Ensuite le billet "Opéra breton" est consacré à Hyacinthe Ebroussard qui abandonne en Bretagne femme et enfants pour revenir dans son pays natal, le Val d'Oise, commencer une nouvelle vie.
Puis nous avons, dans "L'éléphant dans la pièce", l'étonnante histoire de Marie Françoise Félicité Vanesme qui attribue la paternité des enfants qu'elle met au monde à un homme qu'elle n'a pas vu depuis des années.
C'est à Nicolas Dubois que nous allons nous intéresser aujourd'hui. Il est né à Compiègne le neuf juillet mil sept cent quarante deux.
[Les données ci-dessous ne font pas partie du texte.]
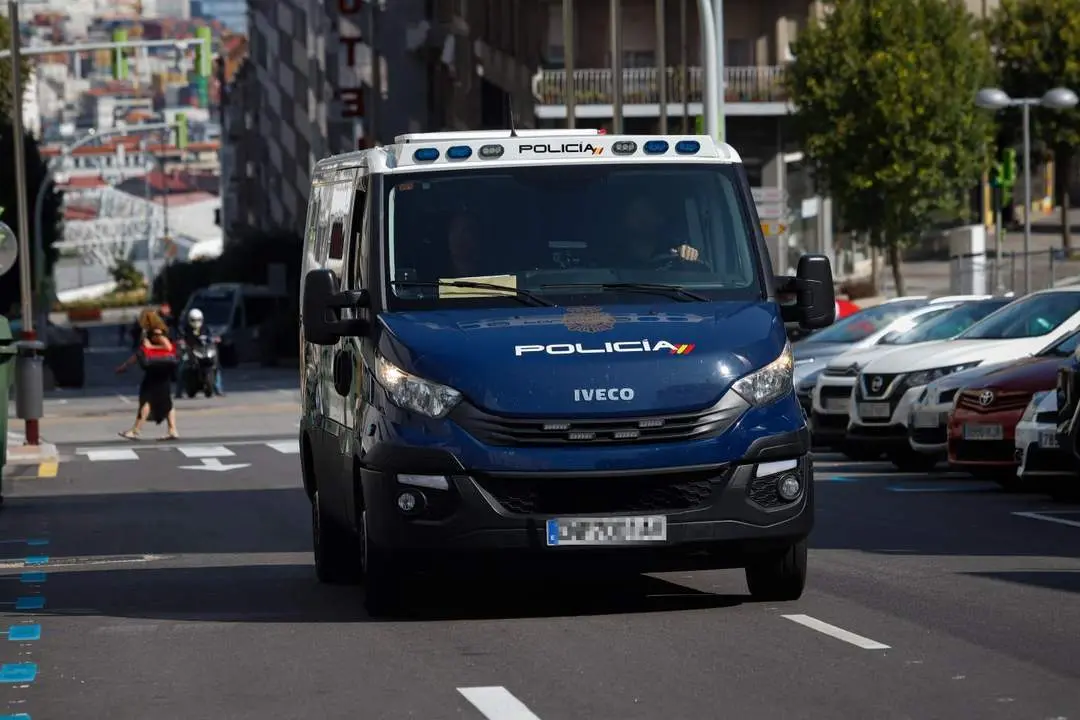 El detenido llega en furg&oacute;n policial a la Ciudad de la Justicia. - Europa Press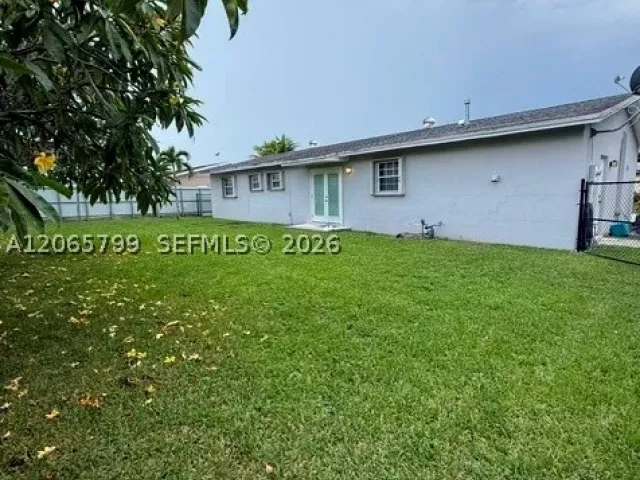Продажа дома по адресу 15435 SW 108th Ct - фото 8988620
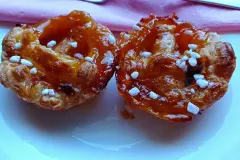 Aprikosen-Bl&auml;tterteiggeb&auml;ck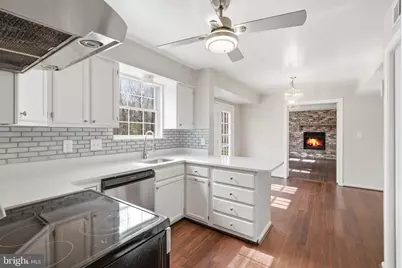 817 Falcon Drive, Upper Marlboro, MD 20774 - Photo 10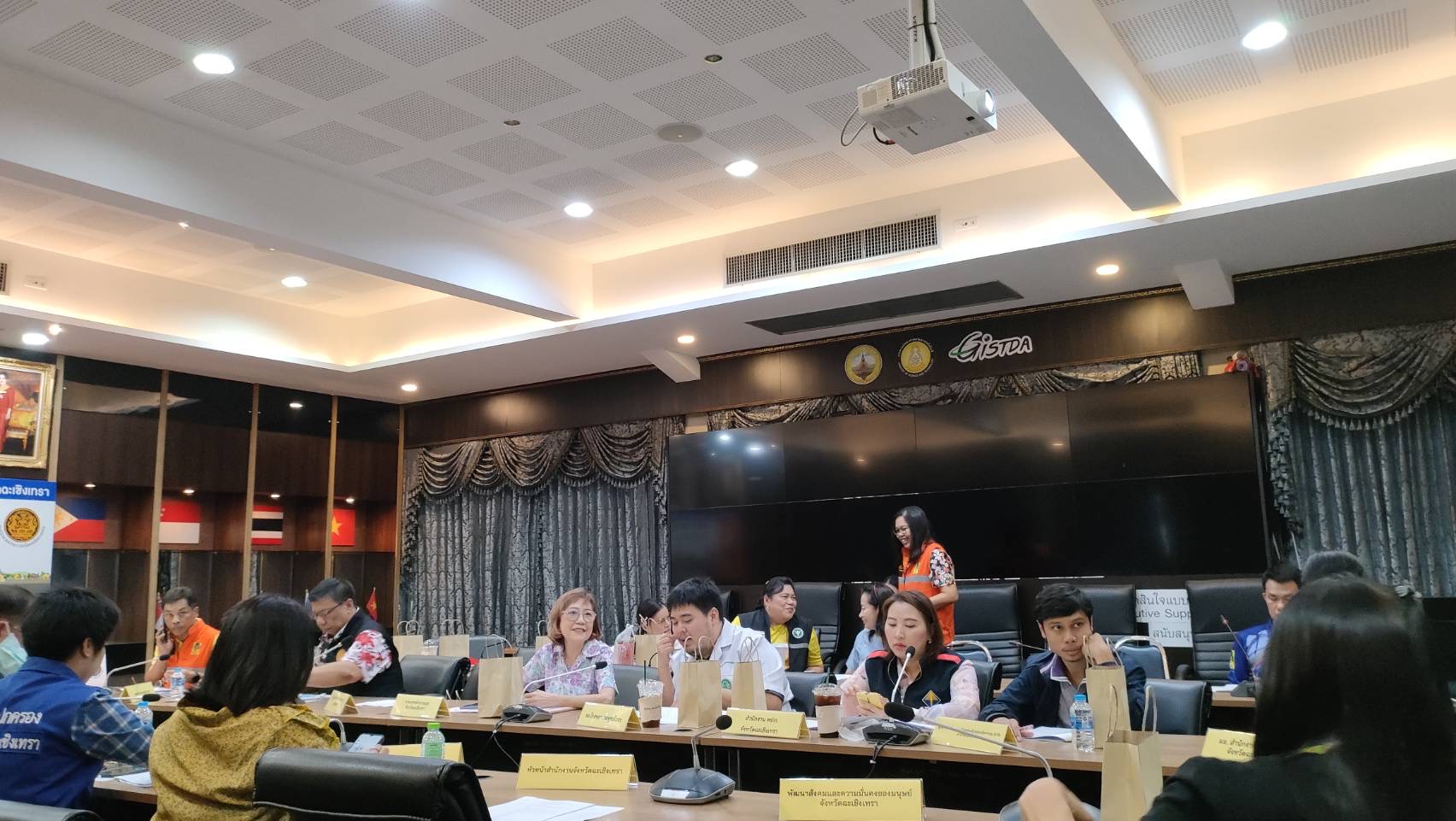 พช. ฉะเชิงเทรา ร่วมประชุมคณะกรรมการศูนย์ปฏิบัติการป้องกันและลดอุบัติเหตุทางถนนช่วงเทศกาลสงกรานต์ พ.ศ. 2567 จังหวัดฉะเชิงเทรา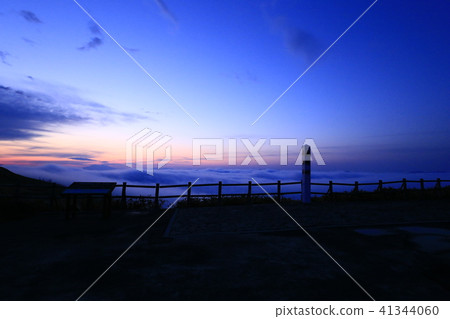 The sea of seas of Miotoro Pass The sea of seas of Miotoro Pass 41344060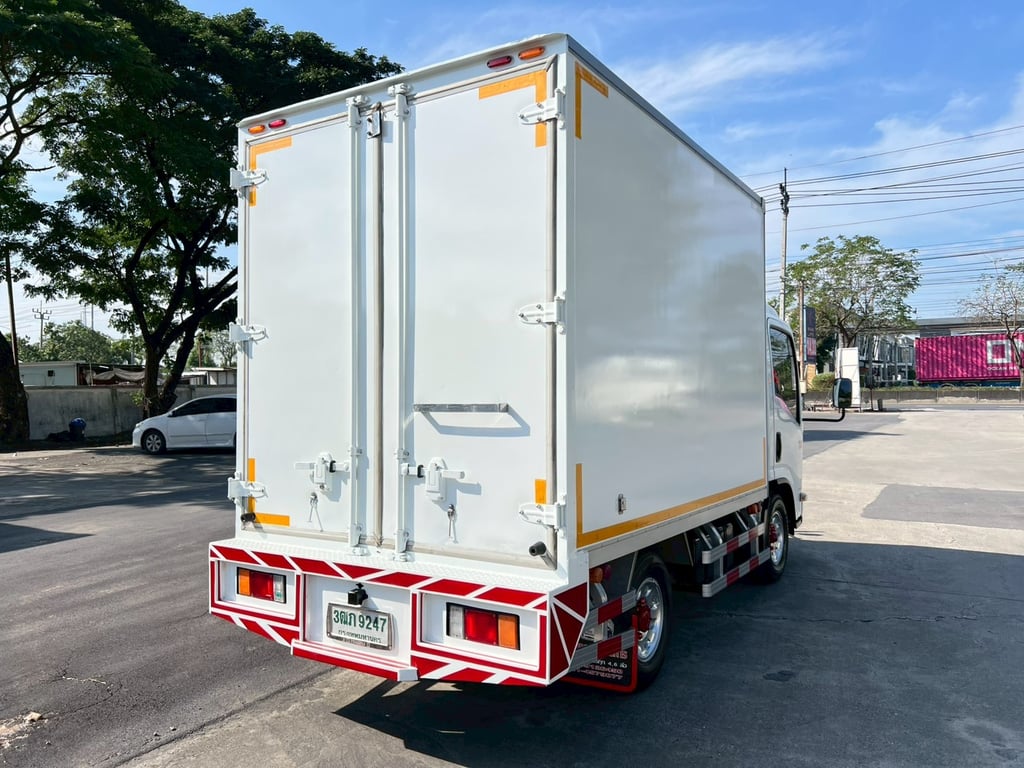 🎯รถเข้าใหม่  ปีใหม่ โฉมปัจจุบัน ไฟโปรเจคเตอร์ พร้อมตู้แห้ง✨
A l'âge de vingt trois ans, il épouse, le quatorze janvier mil sept cent soixante six, à Fleurines, un village de l'Oise, une veuve de cinquante deux ans, Marie Jeanne Lavoisier qui a perdu son premier époux, Antoine Frigaux, quatre ans auparavant. Je vous épargne la lecture des actes de naissance et de mariage de ce couple qui ne présentent pas d'intérêt pour cette histoire. Ils sont bien sûr accessibles en ligne sur le site des archives départementales de l'Oise. Vous trouverez toutes les informations nécessaires sur l'arbre que je tiens à jour sur le site de partage geneanet.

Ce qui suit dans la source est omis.